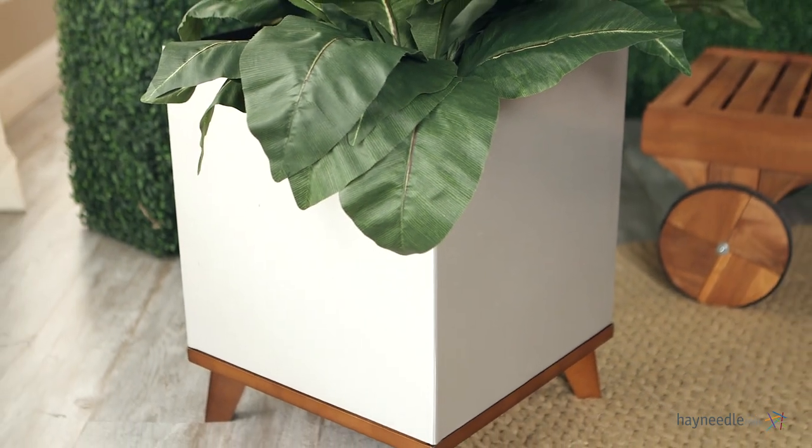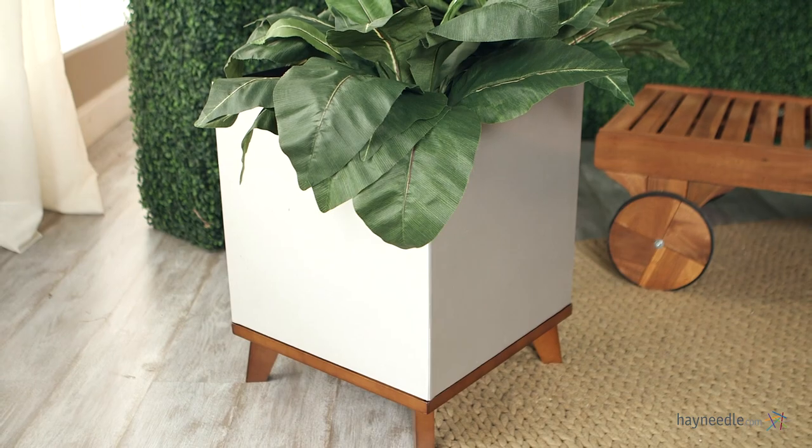It's an 18-inch square and 22 inches high, so it's an ideal size for small and medium-sized plants, flowers, and shrubs.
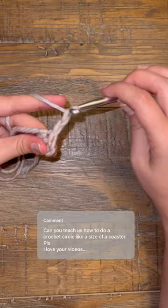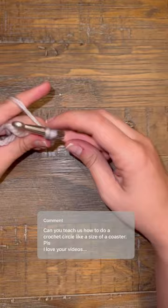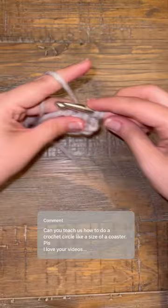Chain two and then do a double crochet into the center. Repeat the double crochet into the center as many times as you need to complete your round flat start of a coaster.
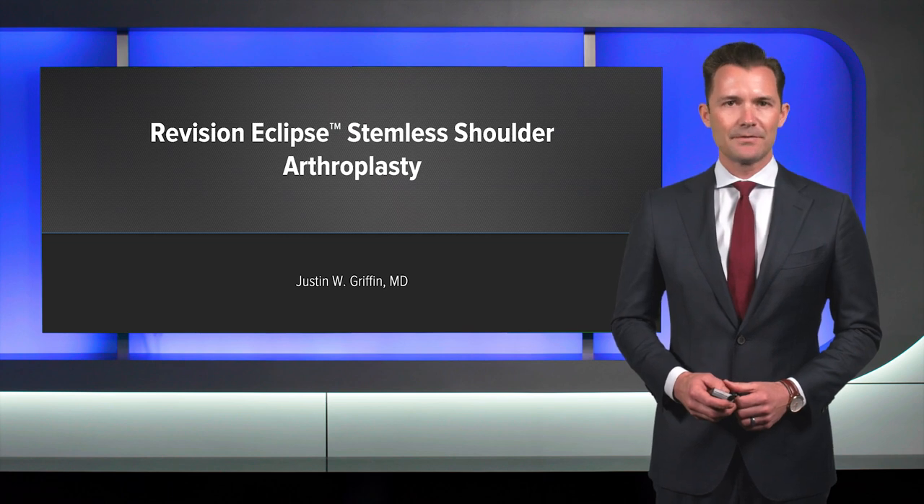Hi, I'm Justin Griffin from Virginia. Today, I'd like to share with you a case of a revision stemless Eclipse shoulder arthroplasty.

* [TASK DESCRIPTION]: Your answer should be every line above, written out exactly, with no pictures.

* [YOUR RESPONSE]:
It's an 18-inch square and 22 inches high, so it's an ideal size for small and medium-sized plants, flowers, and shrubs.
Chain two and then do a double crochet into the center. Repeat the double crochet into the center as many times as you need to complete your round flat start of a coaster.
Hi, I'm Justin Griffin from Virginia. Today, I'd like to share with you a case of a revision stemless Eclipse shoulder arthroplasty.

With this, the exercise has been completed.